Spoilers will exist under either final status or incremental agreements. And, just as democratic spoilers seek to damage the standing of negotiators, so too do terrorists. Terrorism, especially the suicidal form, is directed as much if not more to other parties in the avowed national or religious group as to the purported enemy, seeking to illicit an aggressive response by that enemy which harms the terror group’s national/religious opponents. Terrorism is a form of evolutionary spite: it seeks to harm its “homeland” rivals more than it itself will be harmed by the opponent’s backlash, thereby shifting relative standings in the homeland. When large militaries intervene after a terrorist event, they are often doing exactly what the terrorists expect. Structurally, this can be little different than a small party in a legislature refusing support to watch the existing government fall; at the end of that day, the small party is likely to remain as it was while it leading rivals are weaker.

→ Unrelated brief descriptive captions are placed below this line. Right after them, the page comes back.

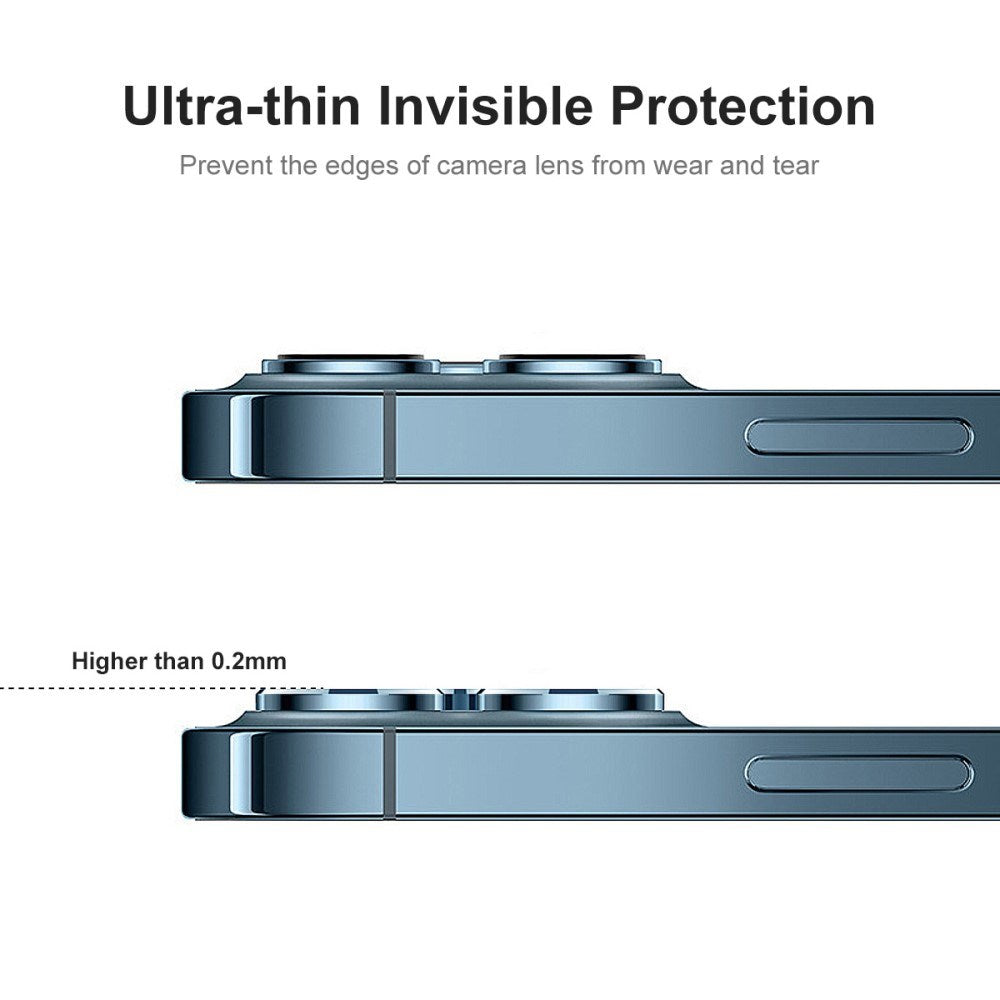 iPhone 16 Pro / 16 Pro Max Kameralinse Beskyttelsesglas - 3 stk. - Gennemsigtig
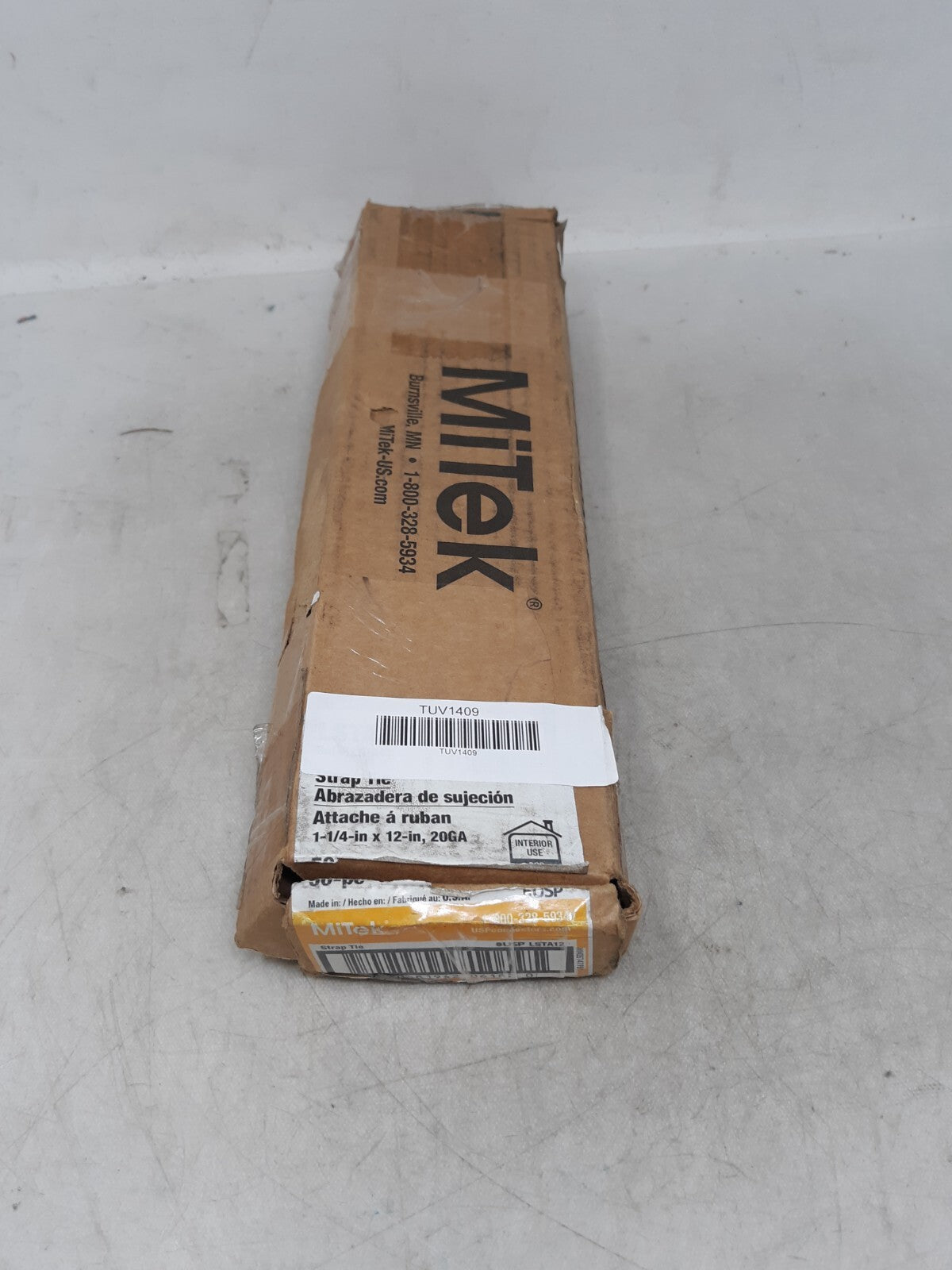 (Lot of 50) USP MiTek LSTA12 1-1/4" x 12" Light-Duty Strap Ties G90 Steel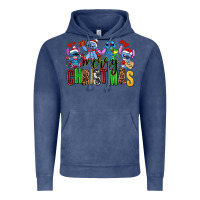 Vintage Denim merry christmas stitch Vintage Hoodie - AdoDesignShop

In the case of terrorism, this places the major power victim of terror in a dilemma: if it does not respond, it appears weak; if it responds either too forcefully or with too broad a scythe, the net result may be, in their homeland, stronger support, materially and popularly, for the terrorist group. And this kind of support is not channeled by democratic governance: one does not have to win a seat in a ruling coalition to have material support for violence come one’s way. The terrorist group can thus employ spite more effectively than the democratic party dissenter.
(I add that suicidal terrorists are not a different creature than ourselves. Our entertainments are replete with episodes of suicidal altruists attacking the enemy for the good of the group. We differentiate these through the context of total war, where the suicidal altruist harms only “combatants,” but this is hardly always the case; indeed “total war” largely erases the distinction between civilian and combatant. There are innocents everywhere; but ordering aerial bombing in itself makes the distinction difficult to maintain on the lived ground, this one of the ongoing tragedies of Afghanistan.)
I have argued elsewhere that fully implemented incrementalism toward a confederation is the only plausible way forward; each step should be a plausible rest point, not unstable alone. Regardless, I’d say that any implementation must have attached a clear procedure for responding to violence, both terrorist and crowd, for both will undoubtedly occur, as such are clearly in our culturally evolved repertoire. Peace is not about choosing sides over who makes the better human. That’s what war does. So have war negotiations. Oh–right–that’s what you’ve got now.